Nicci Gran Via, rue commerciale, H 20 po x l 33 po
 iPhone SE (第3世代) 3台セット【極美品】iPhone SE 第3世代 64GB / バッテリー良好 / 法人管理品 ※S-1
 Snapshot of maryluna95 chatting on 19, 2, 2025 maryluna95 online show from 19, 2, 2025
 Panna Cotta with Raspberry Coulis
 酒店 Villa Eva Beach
...
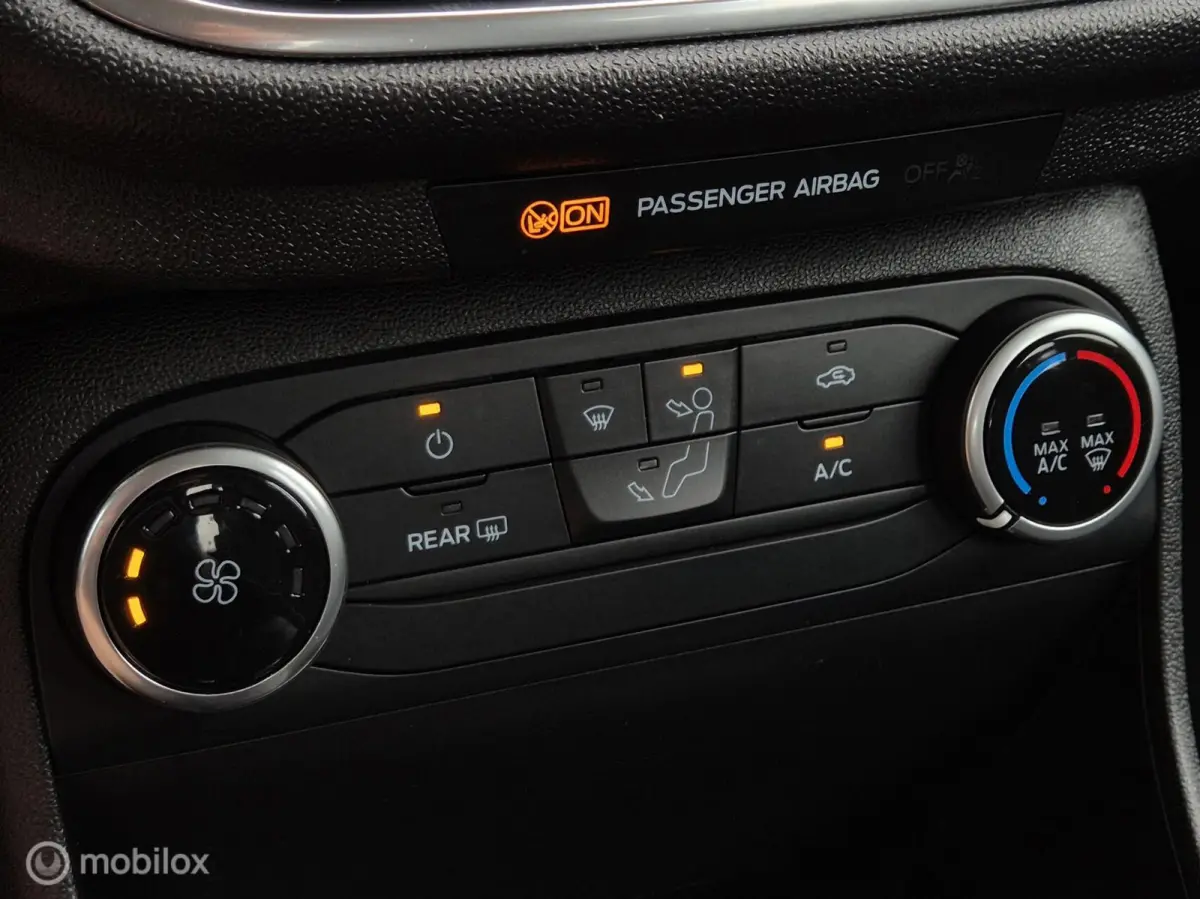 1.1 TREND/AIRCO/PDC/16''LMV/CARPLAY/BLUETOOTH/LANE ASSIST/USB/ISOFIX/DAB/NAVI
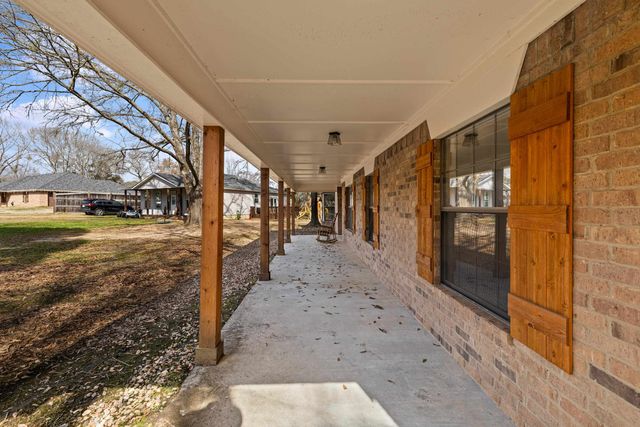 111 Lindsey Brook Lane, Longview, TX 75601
==
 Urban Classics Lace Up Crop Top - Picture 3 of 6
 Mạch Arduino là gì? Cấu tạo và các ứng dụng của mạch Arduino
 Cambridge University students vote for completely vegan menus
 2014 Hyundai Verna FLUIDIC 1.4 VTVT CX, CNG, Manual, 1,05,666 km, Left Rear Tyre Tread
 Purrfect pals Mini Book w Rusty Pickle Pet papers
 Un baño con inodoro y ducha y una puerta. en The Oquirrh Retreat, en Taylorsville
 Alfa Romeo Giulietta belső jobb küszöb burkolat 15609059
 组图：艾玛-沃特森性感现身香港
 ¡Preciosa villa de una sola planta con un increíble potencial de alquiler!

> [Problem requirements]: Restate word for word only the lines above from the line containing "iPhone SE (第3世代)" to the line containing "酒店 Villa Eva Beach", both of them included.

> [Answer space]:
 iPhone SE (第3世代) 3台セット【極美品】iPhone SE 第3世代 64GB / バッテリー良好 / 法人管理品 ※S-1
 Snapshot of maryluna95 chatting on 19, 2, 2025 maryluna95 online show from 19, 2, 2025
 Panna Cotta with Raspberry Coulis
 酒店 Villa Eva Beach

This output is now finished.